§ **WORK ITEM**: Exclude pictures; retype the lines below from the line containing "PrivaScreen Blackout Privacy" through the end of the records, both ends kept.

§ **PROVIDED DATA**:
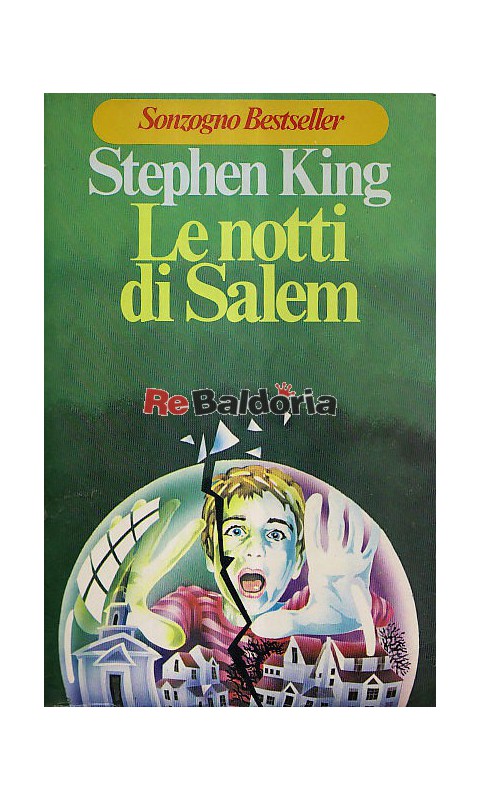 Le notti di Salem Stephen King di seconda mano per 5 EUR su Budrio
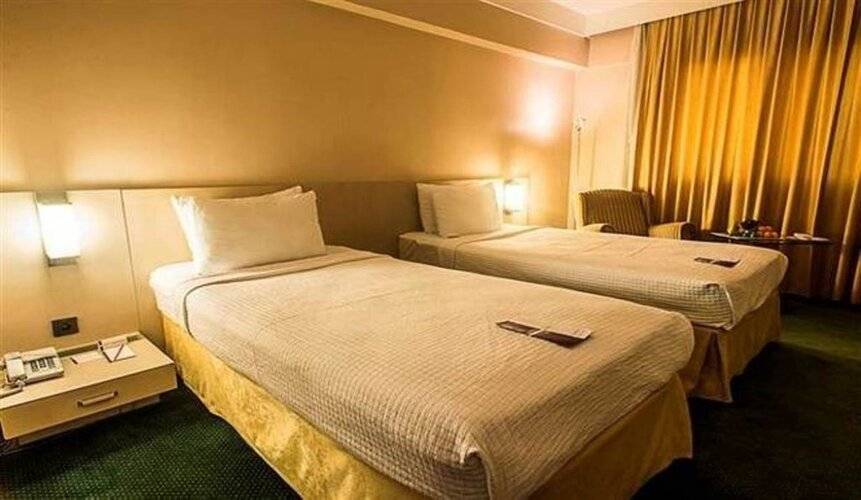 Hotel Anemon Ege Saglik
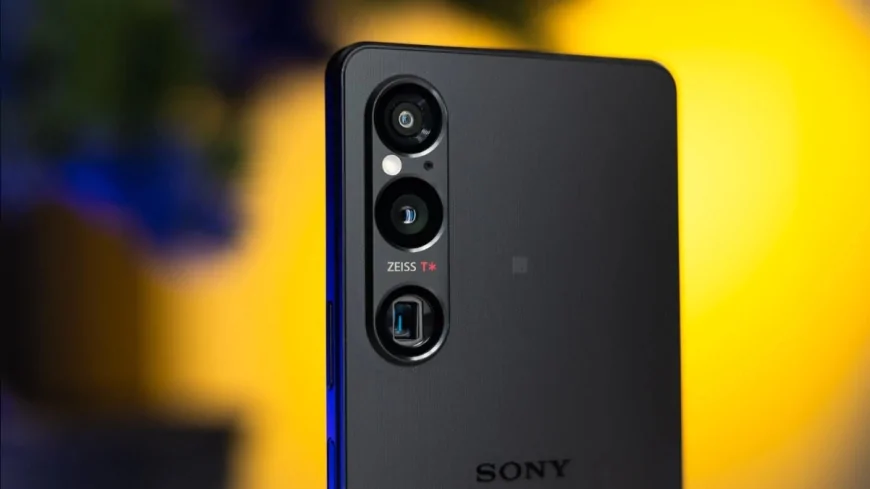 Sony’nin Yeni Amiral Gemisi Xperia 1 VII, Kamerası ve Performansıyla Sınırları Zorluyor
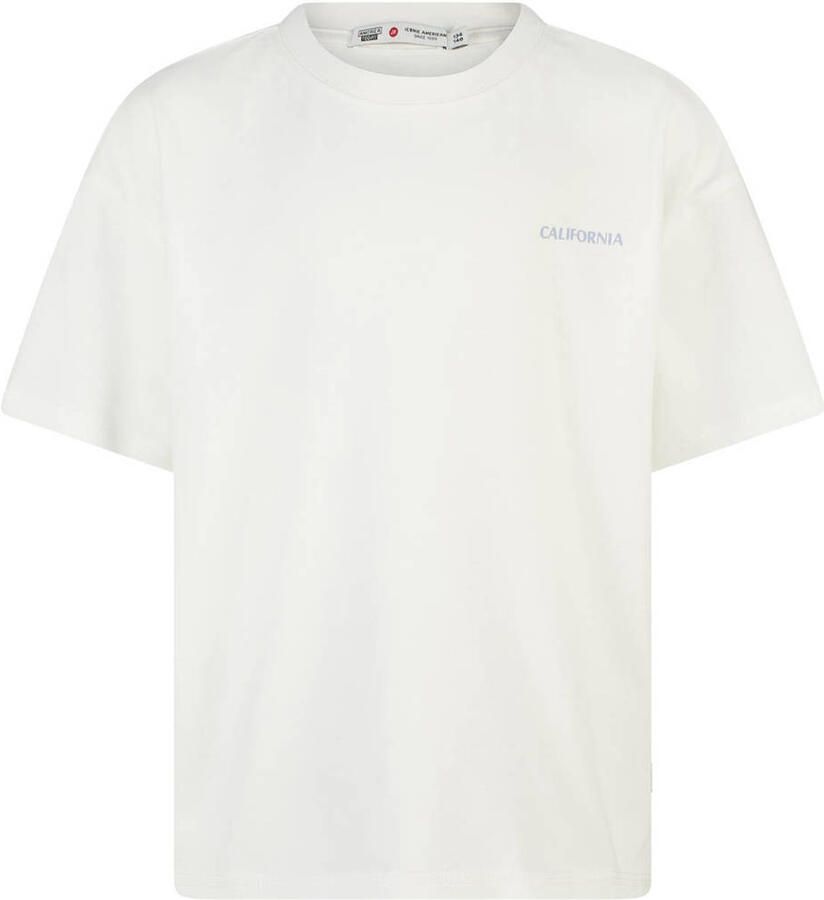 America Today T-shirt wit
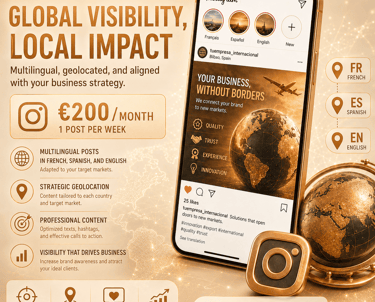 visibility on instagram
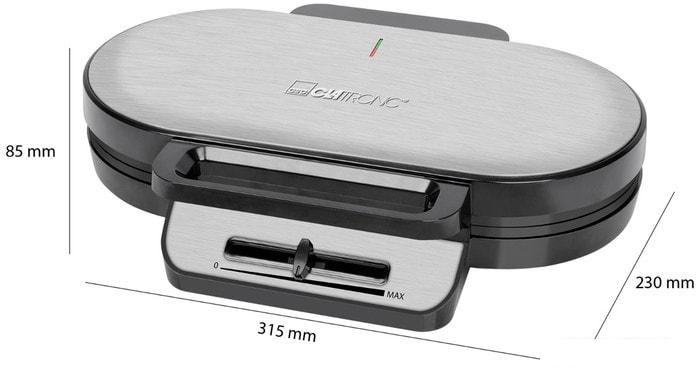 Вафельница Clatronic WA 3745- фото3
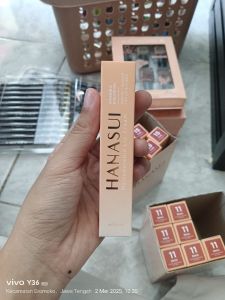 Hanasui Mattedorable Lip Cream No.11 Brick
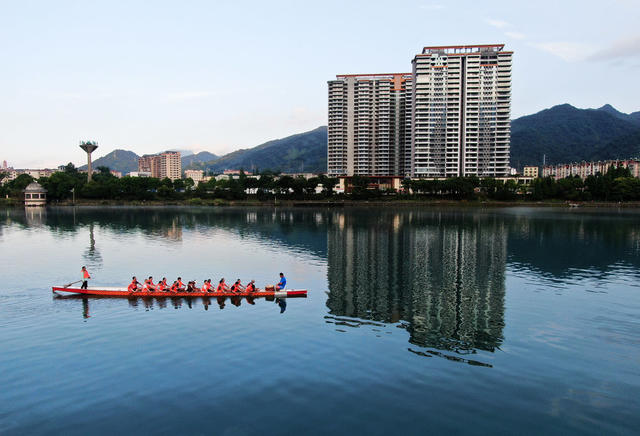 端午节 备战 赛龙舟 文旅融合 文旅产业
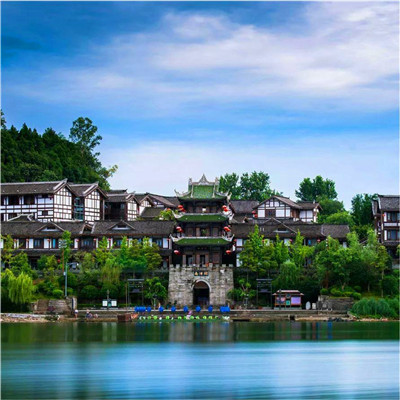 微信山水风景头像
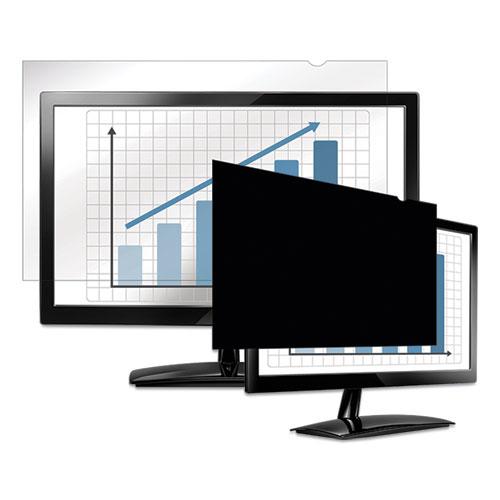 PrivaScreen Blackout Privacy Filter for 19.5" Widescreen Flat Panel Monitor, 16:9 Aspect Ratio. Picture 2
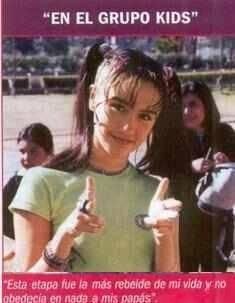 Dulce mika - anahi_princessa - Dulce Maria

§ **EXPECTED OUTPUT**:
 PrivaScreen Blackout Privacy Filter for 19.5" Widescreen Flat Panel Monitor, 16:9 Aspect Ratio. Picture 2
 Dulce mika - anahi_princessa - Dulce Maria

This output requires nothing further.